Not your Sean Spicer Holocaust Center

Holocaust

(Correction: The Center has 5,000 artifacts. An earlier version had an incorrect number.)

Given that “Holocaust centers” were recently in the news, it seemed fortuitous that we already had plans to visit one.

Sean “I Slept through History Class” Spicer used the term last week to describe those places where Adolf Hitler gathered Jews for slave labor, starvation and death in gas chambers. This just after he said, “Hitler didn’t even sink to using chemical weapons.”

He tried to explain that away by seeming to say Hitler’s use was limited to “Holocaust centers,” which brought up the bizarre image in my mind of the “Arbeit Macht Frei” iron letters at the entrance of Nazi death camps being reforged to spell out “Welcome to Dachau Center” instead.

The Holocaust Center for Humanity in Seattle makes it plain that not any part of the Holocaust should be forgotten, that remembering this horror might help prevent a repeat. The center has more than 5,000 artifacts (corrected from earlier version) from this slaughter of innocents by the Nazi regime in the 1930s and ‘40s. It only has enough room to display a fraction of them, but they are enough to bring home the extent of this evil.

We joined the tail end of a tour being taken by Seattle police officers, part of a diversity course being undertaken by the entire force. The tour leader of that group and then of our small party was Dee Simon, the Baral Family Executive Director.

The center has 30 Holocaust survivors who serve as speakers, telling what they suffered and witnessed, remembering the family members they lost and recounting how fortunate they were to be among the few who escaped.

Dee Simon said the center reaches 40,000 students a year in Washington, Alaska, Oregon, Montana and Idaho, states where the teaching of the Holocaust is not mandated. For 28 years, the center has been sending schools trunks filled with books, curricula and other teaching materials. Schools can keep the trunks for three weeks before returning them to be refilled and sent on. Teacher training is also provided.

While I did not know about the Seattle Holocaust Center before the invitation to visit, my interest in history has led me to enough information about the Holocaust that I hope I would never make the blunder Spicer did last week. But a couple of Simon’s comments made me aware of how little I know about the complicity of corporations and German society in the Holocaust. Simon pointed out artifacts from the death camps with the insignias of BMW and other corporations. Which makes me want to read more about this and makes me uneasy about what we Americans either don’t know or choose not to know about what is being done around the world in our names.

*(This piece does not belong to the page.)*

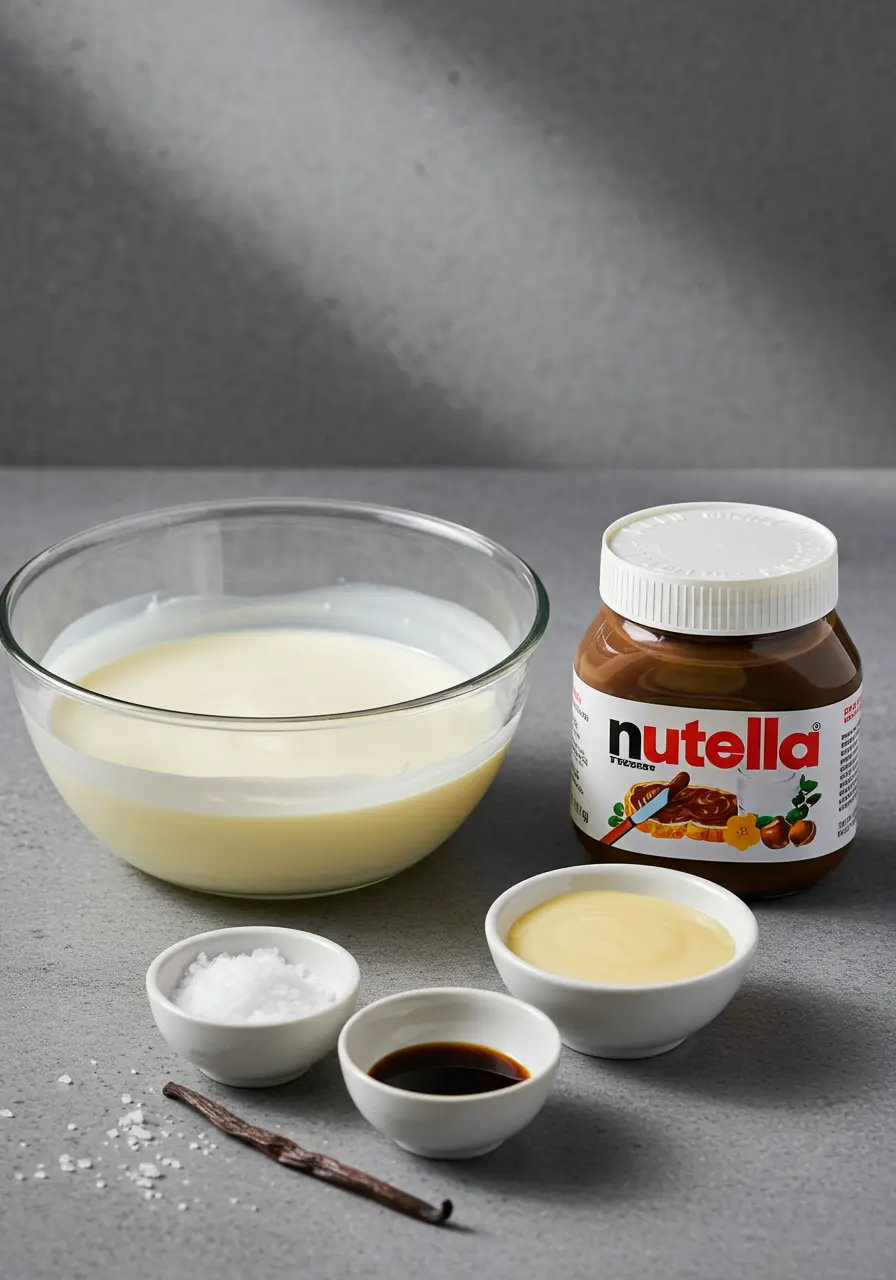 Nutella Ice Cream ingredient 2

The Holocaust ended with the close of World War II in 1945 and many of the Holocaust survivors are passing away. Some of their speaking roles are being taken over by their children and grand children. Simon is an example of that. Her mother was the only member of her school class to survive the Holocaust.

Thanks to Dee for the excellent tour. And to Carol, who invited us and, I suspect, provided the salads for lunch. We’ll try to even things up at your Voices for Humanity Luncheons in October.

2 thoughts on “Not your Sean Spicer Holocaust Center

  1. John: I have visited the Holocaust Center twice with the Issaquah Senior Center. We had the docent tours for both visits and learned so much each time. The first visit was during the exhibit for Anne Frank and the last was just recently. Each time was so poignant, mind expanding, and emotional. It is a must see for people of all ages.

    1. It’s a place you can return to many times as they change the exhibits. Right now they have one on the origin of the “Curious George” children’s book, whose authors fled Paris — ahead of the Nazis and on bicycles — with the manuscript for Curious George. Never knew that.